Not everything that is allowed is good. For example, the compiler is (in theory) allowed to do anything it wants when presented with code that raises undefined behavior. Anything. "rm -rf /" for instance would be 100% correct. Are GCC developers planing this "feature" for gcc 4.8? Of course not, that would be stupid when you could be playing nethack instead...


ACCESS_ONCE()

Posted Aug 13, 2012 16:35 UTC (Mon) by daglwn (subscriber, #65432) []

Yes, it is. It uses typeof().

But ignoring that, nye has the more useful response. :)



ACCESS_ONCE()

Posted Aug 17, 2012 10:37 UTC (Fri) by dgm (subscriber, #49227) []

typeof() is clearly something acceptable in gcc's C dialect. Or have they removed their own extension without the word noticing?


ACCESS_ONCE()

Posted Aug 20, 2012 10:07 UTC (Mon) by etienne (subscriber, #25256) []

The thing is, can the type returned by typeof() be modified by adding the "volatile" keyword, how much can it be modified (how to remove volatility, possible to change the sign-ness by adding signed/unsigned)...


ACCESS_ONCE()

Posted Aug 7, 2012 19:42 UTC (Tue) by daglwn (subscriber, #65432) []

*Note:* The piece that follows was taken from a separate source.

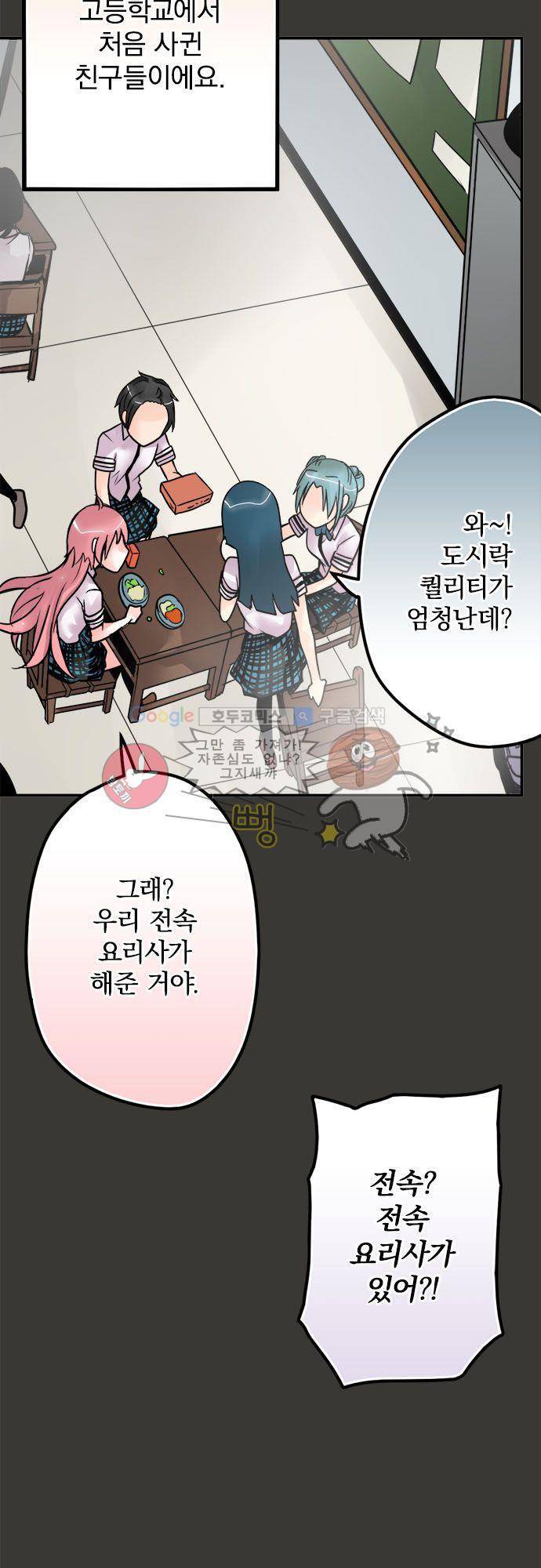 영혼결혼 Day 45 - 질투 4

Oh, we have plenty of cases where we try to cater to users who stretch (to put it mildly) the standard. But one must recognize that the programmer is no longer programming in said language. He or she is programming in some other, ill-defined language.

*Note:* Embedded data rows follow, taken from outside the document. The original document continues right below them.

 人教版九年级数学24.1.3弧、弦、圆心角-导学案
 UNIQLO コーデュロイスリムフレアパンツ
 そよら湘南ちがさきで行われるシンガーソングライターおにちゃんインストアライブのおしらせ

My point is that a bug caused by the programmer not adhering to the language standards is not caused by the compiler. The compiler team may be willing to work around the problem but that doesn't mean the code ain't broke.

> If something has the potential of doing harm, and the user is perfectly
> capable of doing it by hand anyway if really needed, then it's best for
> the compiler not to do it.

The problem is that the compiler has *no way* to know if the code is potentially harmful because the code is doing something outside the definition of the language. The problem ACCESS_ONCE is trying to solve is a perfect example. The compiler doesn't know which parts of code will be operating in a multi-threaded environment, much less which pieces of memory are shared. We have "volatile" to mark variables in a way that happens to work for our current threading models. But it is the only thing we have in C right now.

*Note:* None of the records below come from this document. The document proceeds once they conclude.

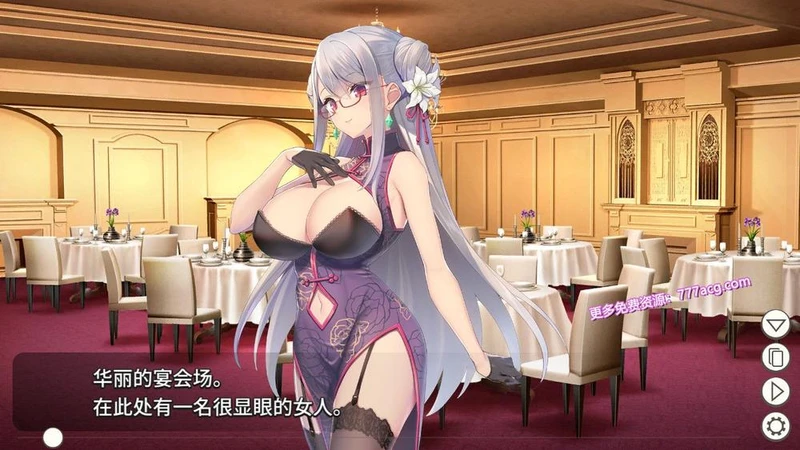 卧底女特工 Ver1.20 官方中文步兵版+全CG存档_截图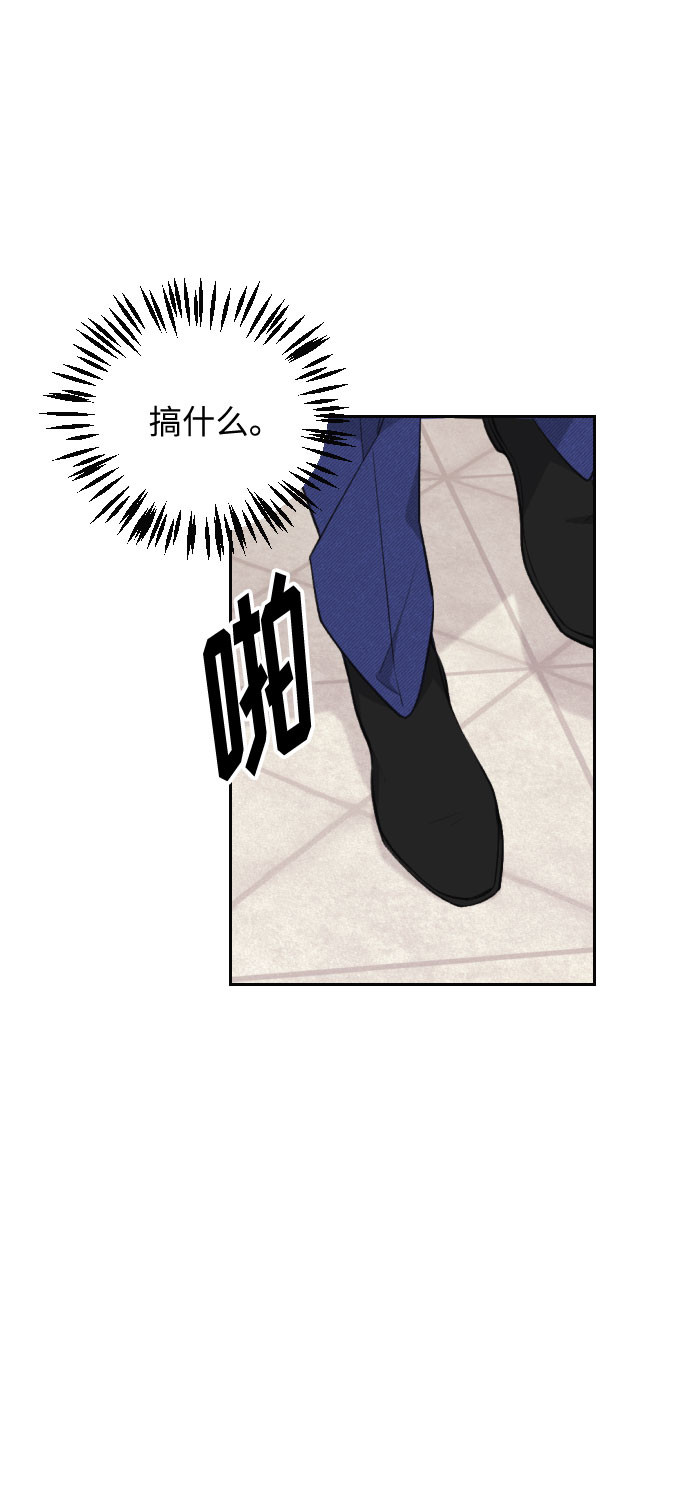 第24话5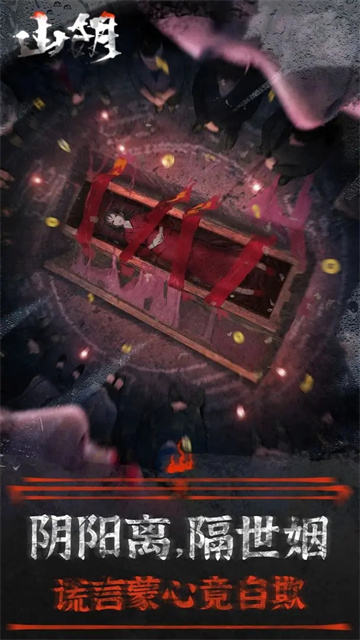 山阴游戏下载高清大图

Compiler writers generally don't want to limit legal transformations because those transformations can help the vast majority of programmers who don't have whatever specialized problem one programmer might complain about.




ACCESS_ONCE()

Posted Aug 8, 2012 14:30 UTC (Wed) by dgm (subscriber, #49227) []

> The problem is that the compiler has *no way* to know if the code is potentially harmful

It's not the code that it's harmful, but the transformation the compiler does in the optimization. To put it another way: the compiler chooses to do something that is NOT what the code says. It does so because it assumes it's safe. Because there's no way it can be sure if the transformation is safe (or not!), it should not be doing it.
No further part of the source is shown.